Perubahan iklim bukan hanya soal cuaca ekstrem, tetapi juga memicu migrasi massal manusia. Naiknya permukaan laut, kekeringan, dan bencana alam membuat jutaan orang terpaksa meninggalkan rumah mereka.
Bangladesh, salah satu negara dengan garis pantai rendah, menghadapi ancaman besar. Jutaan warganya berisiko kehilangan tempat tinggal akibat banjir rob dan naiknya air laut. Hal serupa juga terjadi di pulau-pulau kecil Pasifik.
Kekeringan panjang di Afrika mendorong perpindahan penduduk ke kota besar.
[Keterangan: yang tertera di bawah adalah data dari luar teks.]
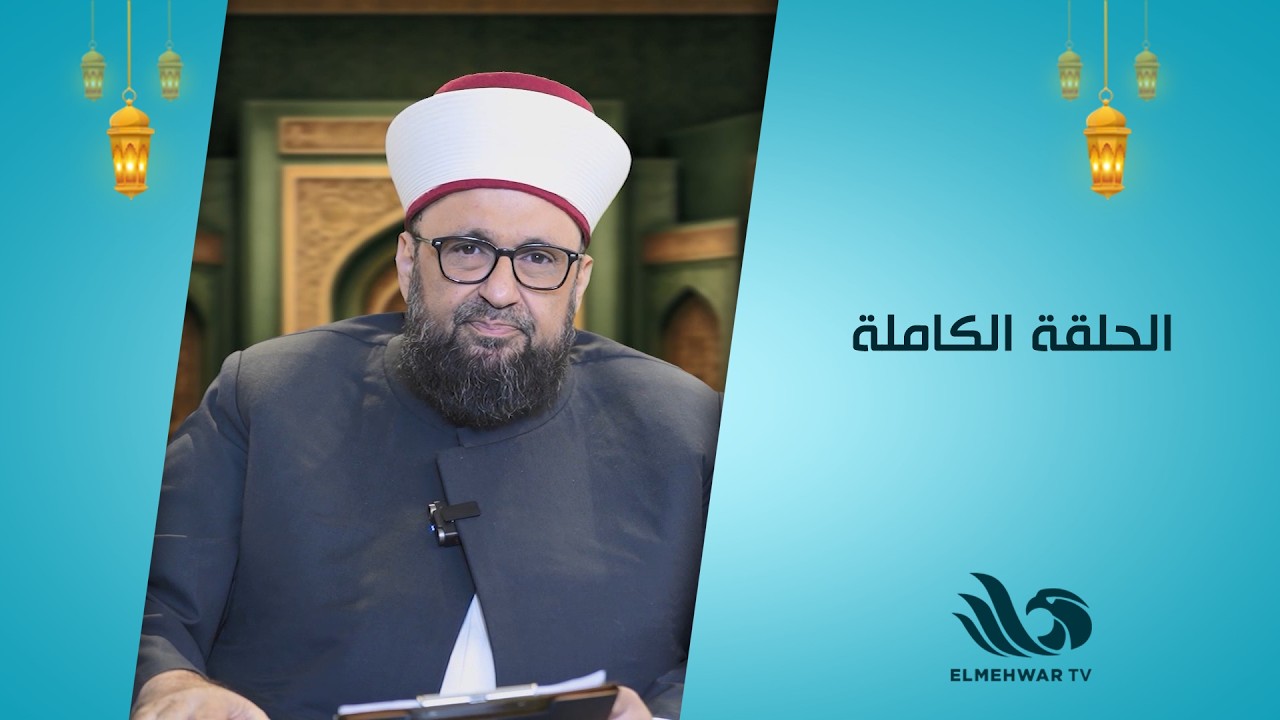 اعرف الصح مع أ.د.الشيخ طارق اللحام || الحلقة كاملة || 2-3-2026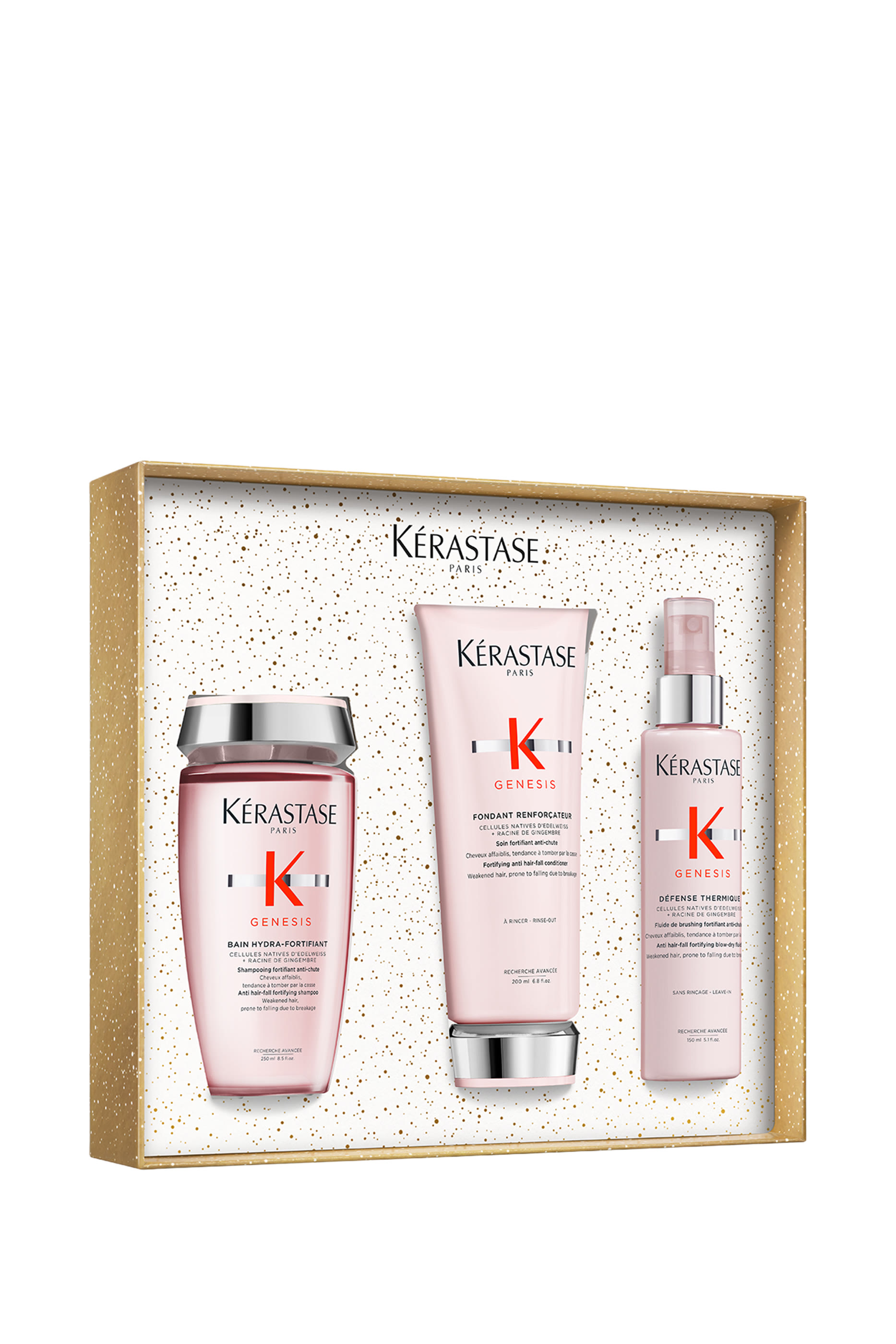 مجموعة هدايا جينيسيس فوندان بإصدار لرمضان، توفير بقيمة 30%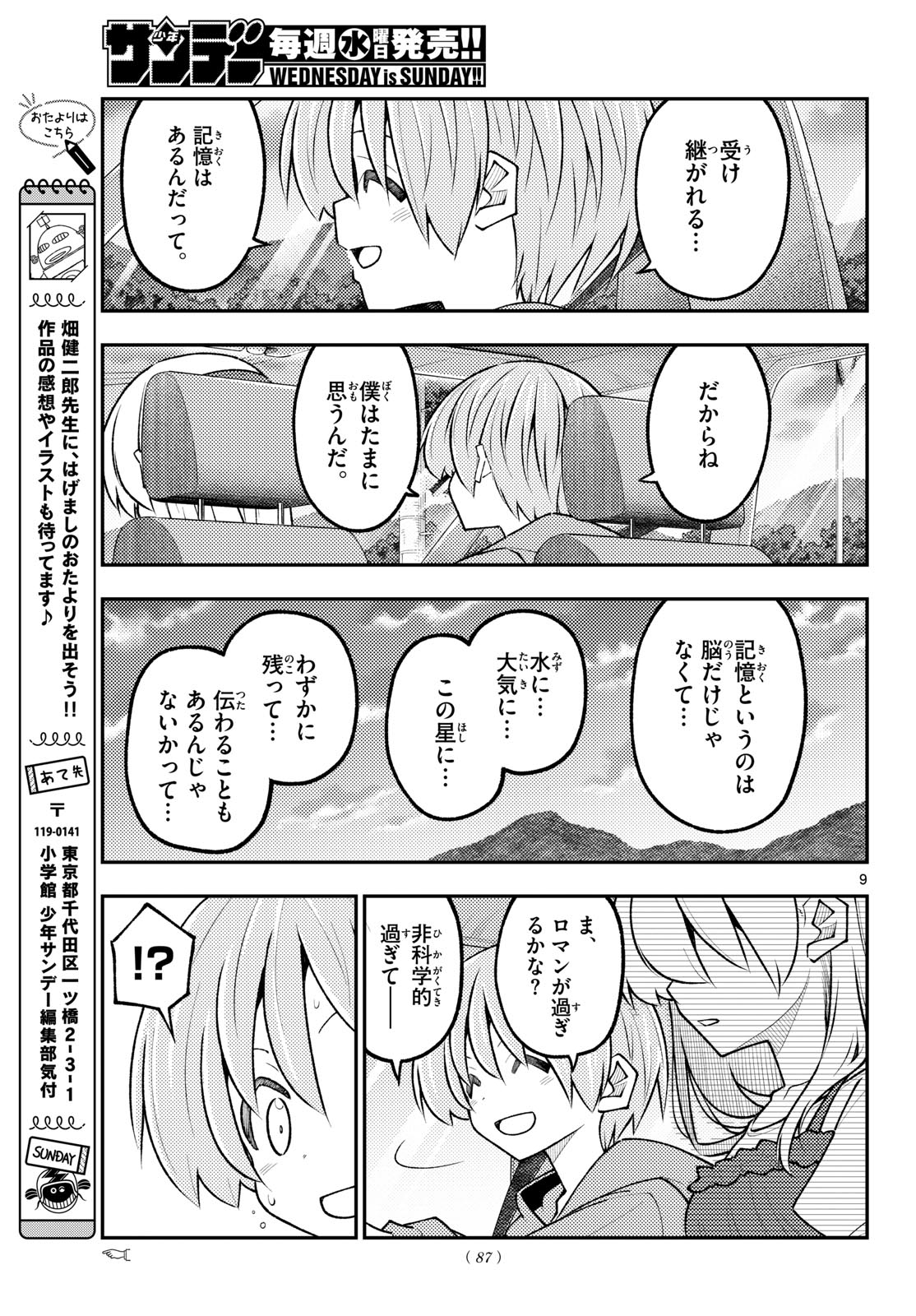 Tonikaku Kawaii Chapter 363 9ページ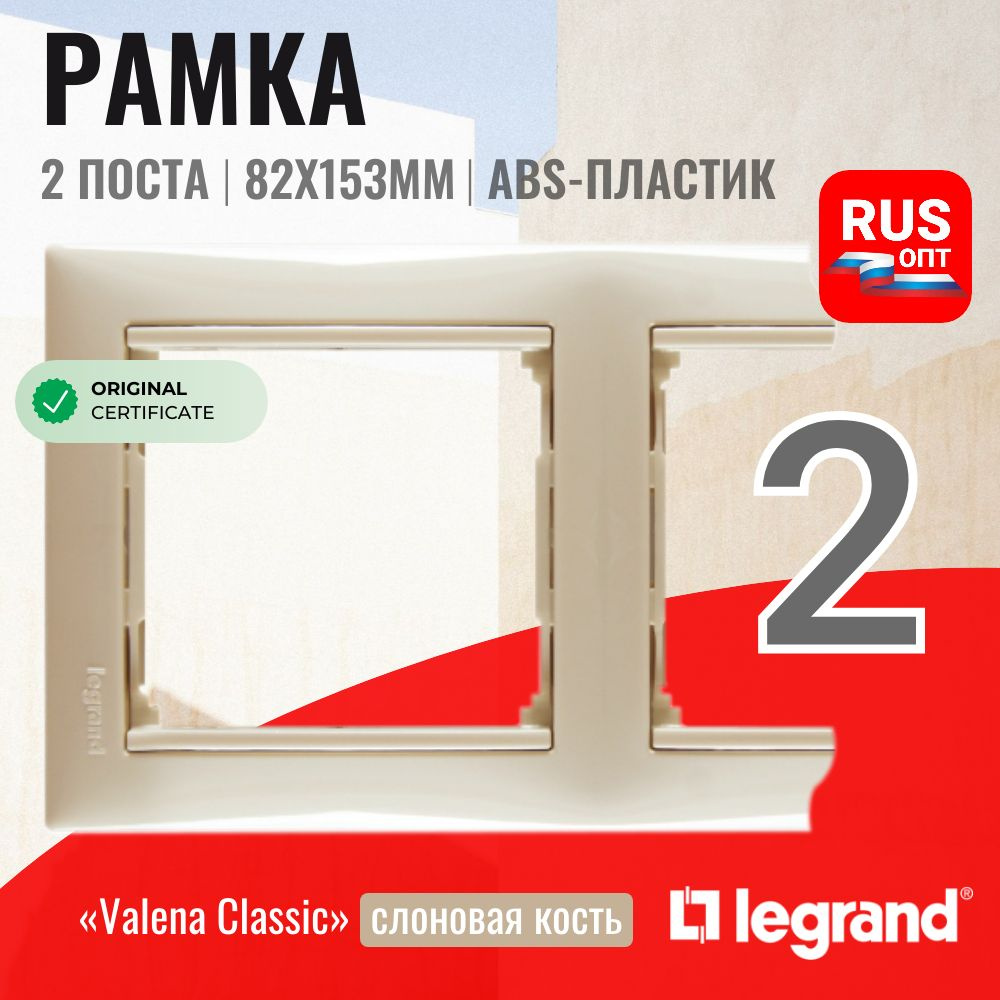 Рамка электроустановочная Legrand Valena 2 поста, цвет слоновая кость (774352)  #1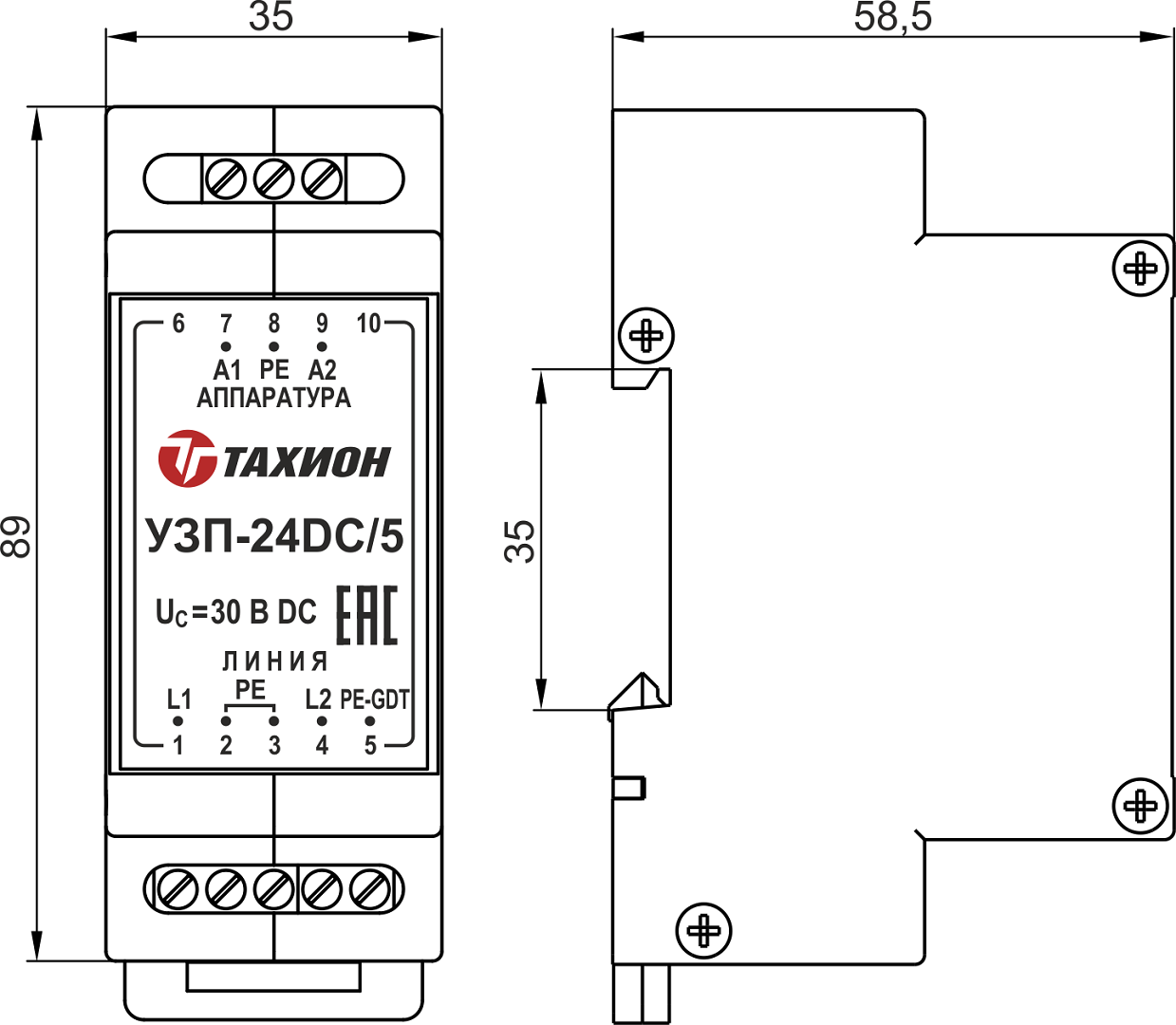Устройство защиты цепей низковольтного электропитания УЗП-24AC/5. Изображение 1 Габаритные и установочные размеры УЗП-24AC/5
Namun, urbanisasi cepat tanpa perencanaan memicu masalah baru seperti kemiskinan, pengangguran, dan konflik sosial.
PBB memprediksi pada 2050, lebih dari 200 juta orang bisa menjadi pengungsi iklim. Ini akan menciptakan tekanan besar pada negara penerima migran dan memicu konflik geopolitik baru.
Migrasi massal juga menimbulkan dilema hukum. Status pengungsi iklim belum diakui secara resmi dalam hukum internasional, sehingga banyak orang tidak mendapat perlindungan yang layak.
Namun, ada sisi positif jika dikelola dengan baik. Migrasi bisa menjadi katalis pertumbuhan ekonomi dengan tenaga kerja baru, asalkan ada integrasi sosial dan kebijakan inklusif.
Perubahan iklim jelas bukan lagi isu lingkungan semata, tetapi isu kemanusiaan. Migrasi massal adalah bukti bahwa krisis iklim menyentuh langsung kehidupan manusia.
Jika dunia tidak bertindak cepat, migrasi ini bisa menjadi salah satu tantangan terbesar abad ke-21.